Block the C2 domain. Add flipboxstudio[.]info to DNS sinkholes, proxy denylists, and EDR detections. Even a single attempt at resolution is a strong signal of exposure.
Review SCM and registry permissions, as
laravel-lang/*could have been pulled transitively. Confirm that your own GitHub, GitLab, and Packagist organizations have hardware-backed MFA, scoped tokens, and a review step for tag creation and package publication.
Lessons learned and defense in depth
This incident is a useful reminder that a package's trust boundary is not the source repository in your browser tab. It is the chain of systems that decides which commit becomes a published artifact. A few practices reduce the blast radius of similar attacks:
Verify integrity at install. Composer records package content hashes in composer.lock; use --no-cache and integrity verification in CI to make tampering visible.

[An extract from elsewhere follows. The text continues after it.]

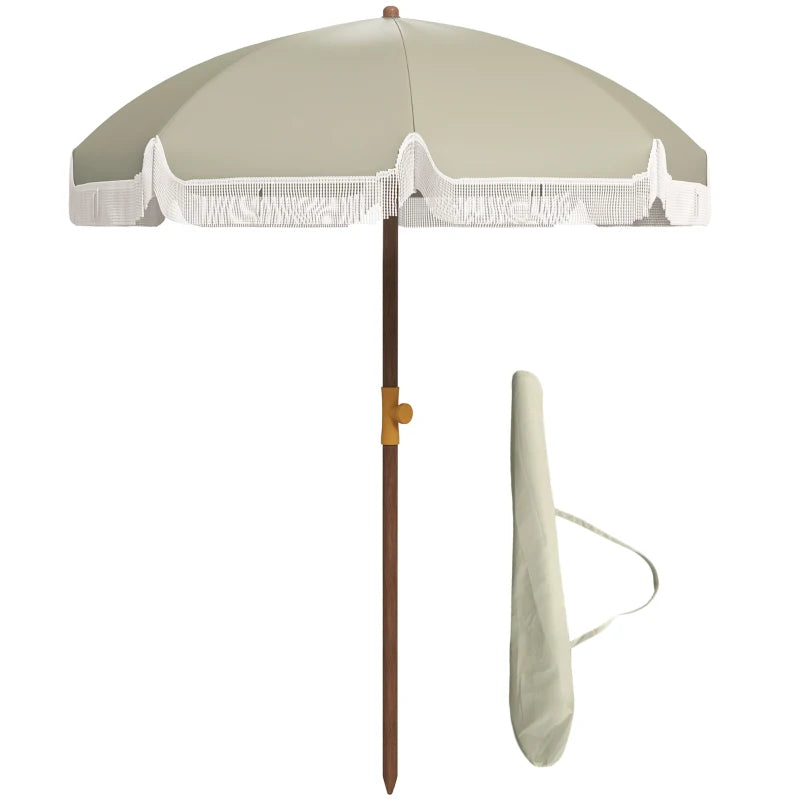 6.2' Beach Umbrella for Travel, Vent, Ruffles, Carry Bag, Portable Outdoor Umbrella for Garden, Light Green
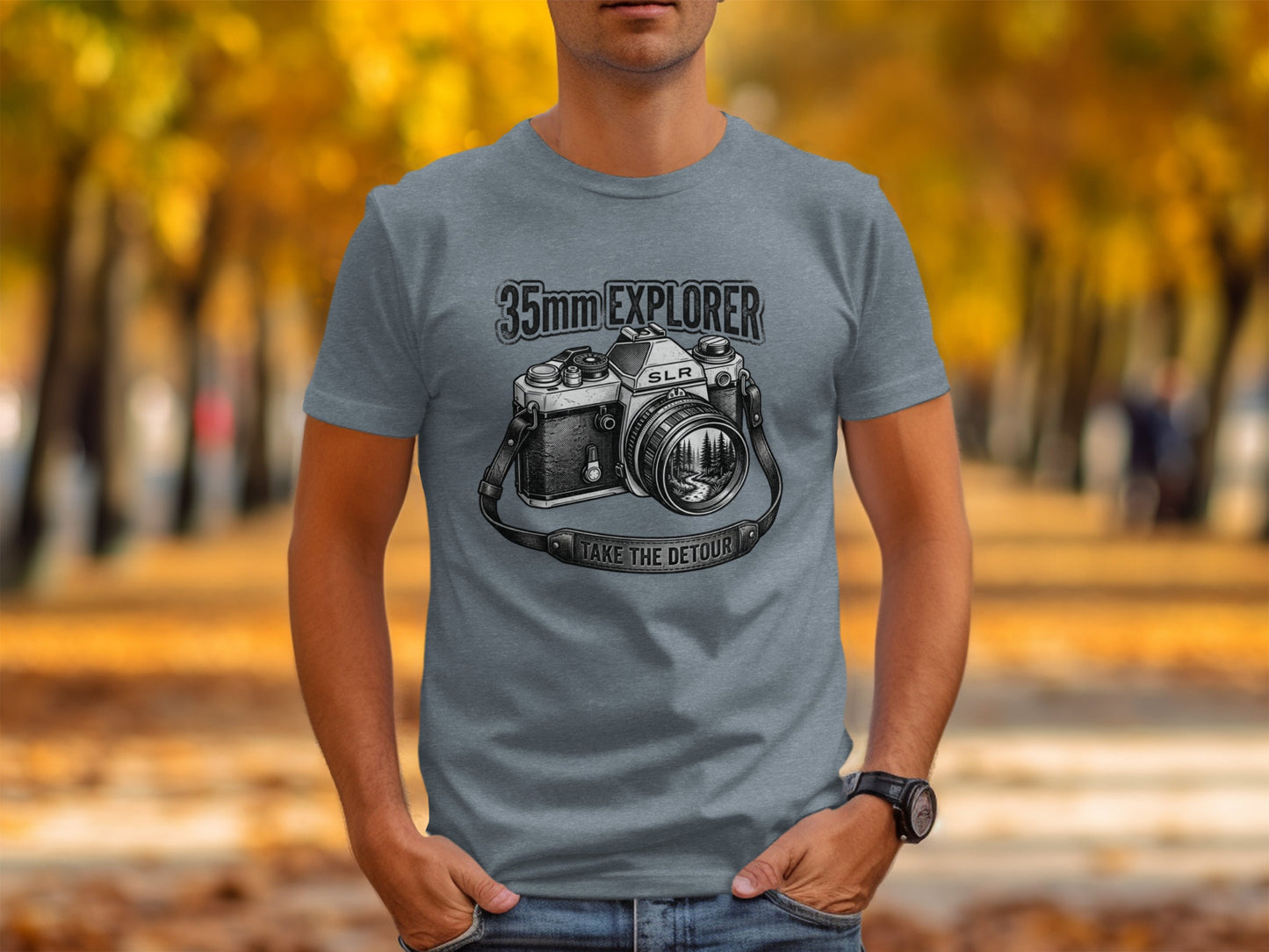 35mm Explorer Detour | Vintage Outdoor Apparel: Gray t-shirt featuring a vintage camera graphic with "35mm EXPLORER" text.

Adopt egress controls in build environments. CI runners and production containers should not be able to reach arbitrary domains. An allowlist would have prevented the second-stage download in this case.
Use short-lived, scoped secrets. Long-lived credentials in .env files magnify the damage from any in-process secret theft.
The official statement from the affected project, including details that call out GitHub, is available here: Official Statement on Incident.
We also recommend reviewing your security practices and learning how to secure the Laravel PHP framework from a prior article we published, as well as the Snyk Learn resource for secure PHP development practices.
Snyk status
Snyk products and infrastructure are not affected by this incident. Snyk advisories for the impacted packages have been published, and the Snyk Vulnerability Database is being updated as new version ranges are confirmed. Snyk continues to monitor the situation and will revise this advisory as additional details emerge.